Compliance Brief: Data Minimization under GDPR, CCPA and other Privacy Laws

Businesses must become significantly more disciplined in how they collect and use data. Excessive data collection is not only inefficient but also introduces legal and reputational risk.

The need for more responsible data practices has been evident for some time. As early as 2017, publications such as The Economist highlighted the growing tension between the rapid expansion of technology companies and increasing public concern over privacy and regulatory oversight.

In response to these concerns, major legislative actions followed. The European Union’s General Data Protection Regulation (GDPR) became enforceable on May 25, 2018. It established comprehensive data rights for individuals, including the right to limit how their data is processed and the right to request its deletion. A foundational principle of GDPR is data minimization—collecting only what is necessary for a specific purpose.

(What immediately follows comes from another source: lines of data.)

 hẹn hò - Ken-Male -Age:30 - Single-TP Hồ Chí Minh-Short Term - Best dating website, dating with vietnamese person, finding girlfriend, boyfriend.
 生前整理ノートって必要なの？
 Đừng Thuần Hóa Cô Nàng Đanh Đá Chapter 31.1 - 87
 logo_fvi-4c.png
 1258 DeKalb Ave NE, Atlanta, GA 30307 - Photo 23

Soon after, California enacted the Consumer Privacy Act (CCPA) on June 28, 2018, with enforcement beginning July 1, 2020. The CCPA introduced similar protections for personal data and became the first U.S. law to explicitly include data minimization as a compliance requirement.

Data minimization requirements in privacy regulations worldwide

While many enforcement actions of privacy regulations focus on privacy breaches and/or misuse of personal information, investigators also look for compliance with data minimization principles, which are now standard in many regulations. These principles were put in place to address data hoarding and focus on:

  • Breach exposure minimization – minimizing the amount and detail of any personal information that could be stolen in breach
  • Purpose limitations – restricting data collections to information that is provably necessary for stated purposes. Mostly this should mean for the stated purposes of delivering personalized customer experiences
  • Consumer consent – limiting collection of personal data only from consumers who have given informed and explicit consent for its collection, processing, sharing, and sale.

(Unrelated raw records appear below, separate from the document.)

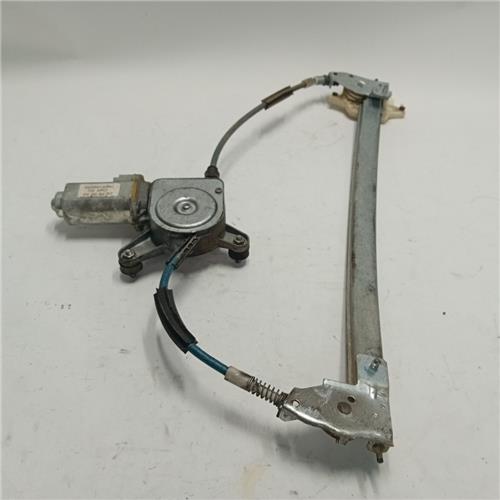 elevalunas electrico trasero derecho peugeot 406 break (s1/s2) 2.0 hdi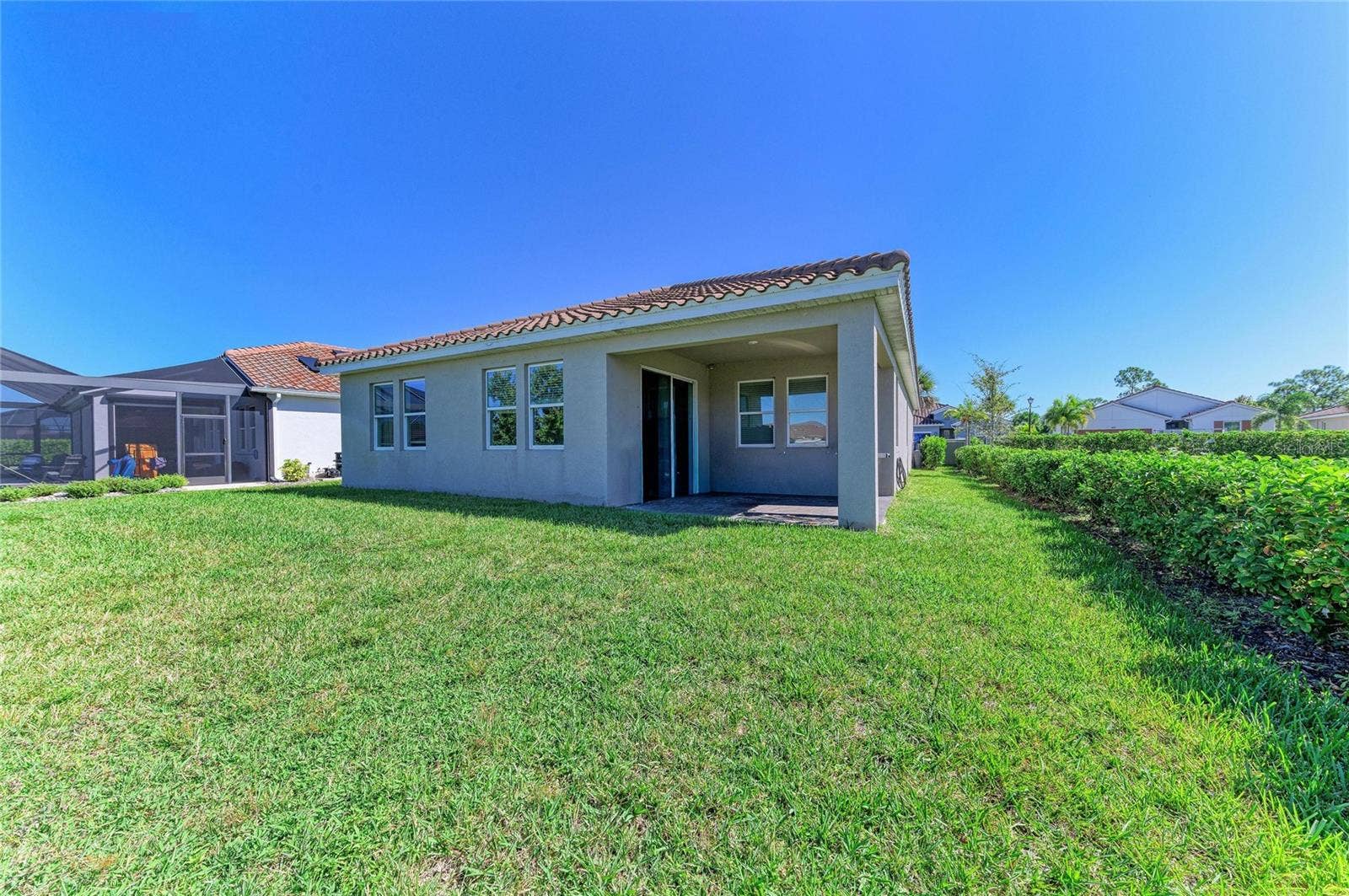 497 FIREBUSH DRIVE, Nokomis, FL 34275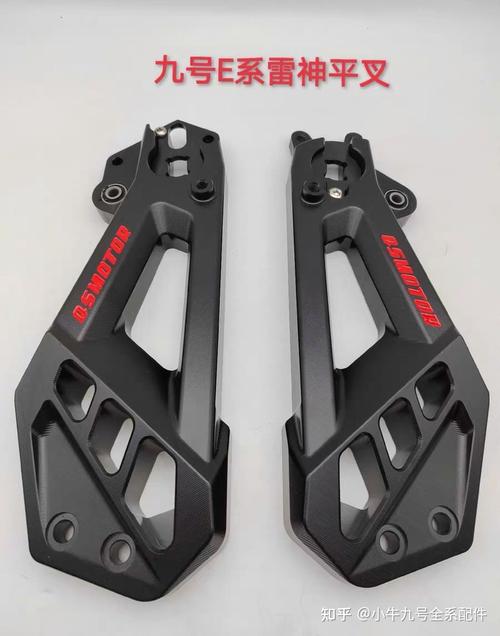 n70c改雷神平叉需要什么配件?雷神笔记本备件价格-图3 n70c改雷神平叉需要什么配件?雷神笔记本备件价格-图3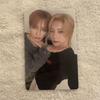 [USED] XLOV Louis and Hull Unit Trading Cards Fanplee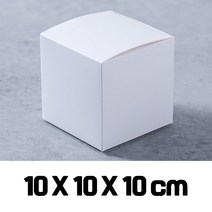 공박스 수제청 돌잔치 카톤 단상자 싸바리 박스 포장 선물 상자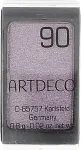 Artdeco Eyeshadow Pearl 90 Pearly Antique Purple 0.8g - Eye Shadow naistele
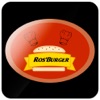 Ros'Burger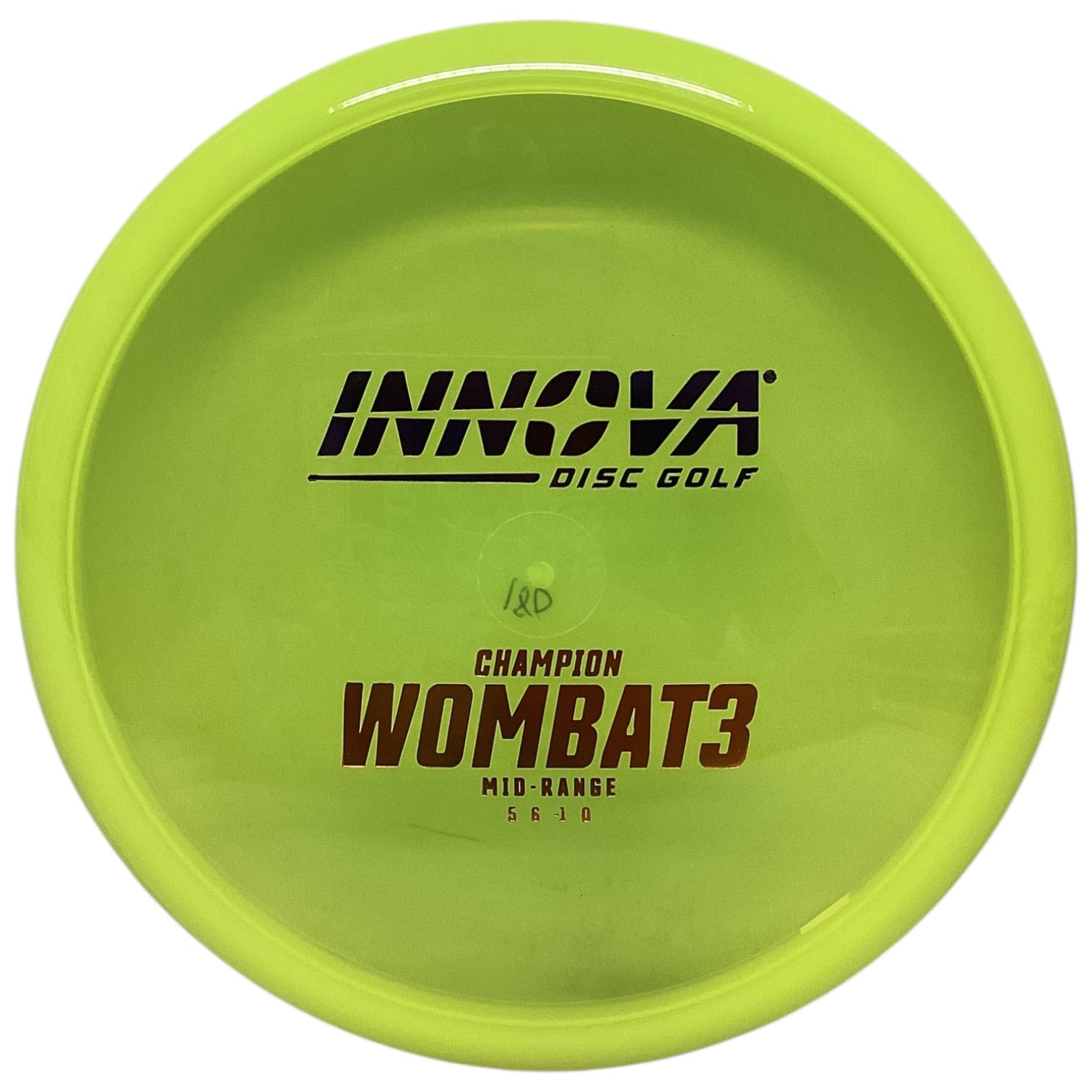 113430|180g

Questions to ask about personal data collected by your organization:

  • Is it mapped and tracked throughout its lifespan? Can the business quickly identify the locations of each piece of personal information collected and track its use history, including every instance of how it was accessed and processed – and why each activity was necessary?
  • Is it adequate? Does the personal data collected contain enough (but not more than enough) information to help your business identify the individual and sufficiently deliver a personalized service (stated purpose)?
  • Is it relevant? Is it clear how each piece of personal information is relevant to fulfilling the stated purpose?
  • Is it limited to what is necessary? Does the data collection only capture information needed for the stated purpose – and no more than is probably necessary?
  • Is it still useful and do you still have permission to store it? Is the information contained in a collection of personal data up-to-date and accurate or has it passed its acceptable and/or permitted use-by date?
  • Is it properly secured? Is the data protected by access controls and other cybersecurity measures to prevent unauthorized and unlawful use, or accidental loss or damage?
  • Is access controlled based on permissions? Does each data system, staff member, third party, or business partner only have access to the data they are explicitly permitted to access – and only what is adequate, relevant, and necessary for them to fulfill a permitted task (and nothing else)?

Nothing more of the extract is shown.